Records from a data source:

════

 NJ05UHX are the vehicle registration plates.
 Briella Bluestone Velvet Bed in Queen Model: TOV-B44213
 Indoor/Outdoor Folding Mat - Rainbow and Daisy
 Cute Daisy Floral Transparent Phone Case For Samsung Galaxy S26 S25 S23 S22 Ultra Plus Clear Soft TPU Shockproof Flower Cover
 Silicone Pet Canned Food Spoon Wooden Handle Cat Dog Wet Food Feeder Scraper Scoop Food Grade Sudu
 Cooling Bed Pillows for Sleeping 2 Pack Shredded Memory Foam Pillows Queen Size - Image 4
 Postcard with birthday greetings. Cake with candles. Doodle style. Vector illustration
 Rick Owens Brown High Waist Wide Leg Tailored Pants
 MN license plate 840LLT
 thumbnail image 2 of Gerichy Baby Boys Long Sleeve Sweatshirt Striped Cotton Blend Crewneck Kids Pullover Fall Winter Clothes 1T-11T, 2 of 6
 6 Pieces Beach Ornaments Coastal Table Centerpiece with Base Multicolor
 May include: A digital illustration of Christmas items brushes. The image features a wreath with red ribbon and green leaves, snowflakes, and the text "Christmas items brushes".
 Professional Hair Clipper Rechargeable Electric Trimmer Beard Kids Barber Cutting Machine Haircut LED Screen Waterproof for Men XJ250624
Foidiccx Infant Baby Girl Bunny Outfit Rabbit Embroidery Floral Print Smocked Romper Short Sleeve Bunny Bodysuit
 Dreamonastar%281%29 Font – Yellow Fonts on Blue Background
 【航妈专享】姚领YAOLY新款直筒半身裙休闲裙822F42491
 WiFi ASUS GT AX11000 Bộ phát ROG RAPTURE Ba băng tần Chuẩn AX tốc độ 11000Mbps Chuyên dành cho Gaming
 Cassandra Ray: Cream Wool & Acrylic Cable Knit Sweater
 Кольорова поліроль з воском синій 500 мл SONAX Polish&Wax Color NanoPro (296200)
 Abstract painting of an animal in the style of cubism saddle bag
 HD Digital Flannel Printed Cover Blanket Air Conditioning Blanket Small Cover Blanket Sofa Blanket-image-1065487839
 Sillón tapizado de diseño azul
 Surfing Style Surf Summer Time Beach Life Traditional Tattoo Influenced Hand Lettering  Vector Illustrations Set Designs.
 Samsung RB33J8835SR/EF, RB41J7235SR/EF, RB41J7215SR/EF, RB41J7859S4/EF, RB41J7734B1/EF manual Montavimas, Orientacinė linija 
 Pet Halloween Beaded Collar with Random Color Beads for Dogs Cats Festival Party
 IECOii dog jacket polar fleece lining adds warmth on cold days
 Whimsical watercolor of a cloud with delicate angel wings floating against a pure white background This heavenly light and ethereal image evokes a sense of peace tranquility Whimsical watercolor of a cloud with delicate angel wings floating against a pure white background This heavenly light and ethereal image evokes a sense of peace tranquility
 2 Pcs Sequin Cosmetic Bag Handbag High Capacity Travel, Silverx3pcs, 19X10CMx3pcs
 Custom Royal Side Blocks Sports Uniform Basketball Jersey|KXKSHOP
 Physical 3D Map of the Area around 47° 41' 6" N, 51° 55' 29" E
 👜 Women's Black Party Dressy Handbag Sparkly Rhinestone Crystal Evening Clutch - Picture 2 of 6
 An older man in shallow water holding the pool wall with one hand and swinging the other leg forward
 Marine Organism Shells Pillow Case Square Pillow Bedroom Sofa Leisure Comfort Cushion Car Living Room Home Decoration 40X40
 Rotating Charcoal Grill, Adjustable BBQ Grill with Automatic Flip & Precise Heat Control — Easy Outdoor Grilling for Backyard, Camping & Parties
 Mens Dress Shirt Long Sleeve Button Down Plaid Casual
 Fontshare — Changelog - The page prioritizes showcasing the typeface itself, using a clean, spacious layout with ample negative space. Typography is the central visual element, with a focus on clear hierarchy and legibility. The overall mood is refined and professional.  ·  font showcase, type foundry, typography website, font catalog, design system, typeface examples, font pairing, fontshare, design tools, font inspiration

════

Work required:
Where a line above contains the word "Samsung", copy that line.

Task response:
 Cute Daisy Floral Transparent Phone Case For Samsung Galaxy S26 S25 S23 S22 Ultra Plus Clear Soft TPU Shockproof Flower Cover
 Samsung RB33J8835SR/EF, RB41J7235SR/EF, RB41J7215SR/EF, RB41J7859S4/EF, RB41J7734B1/EF manual Montavimas, Orientacinė linija 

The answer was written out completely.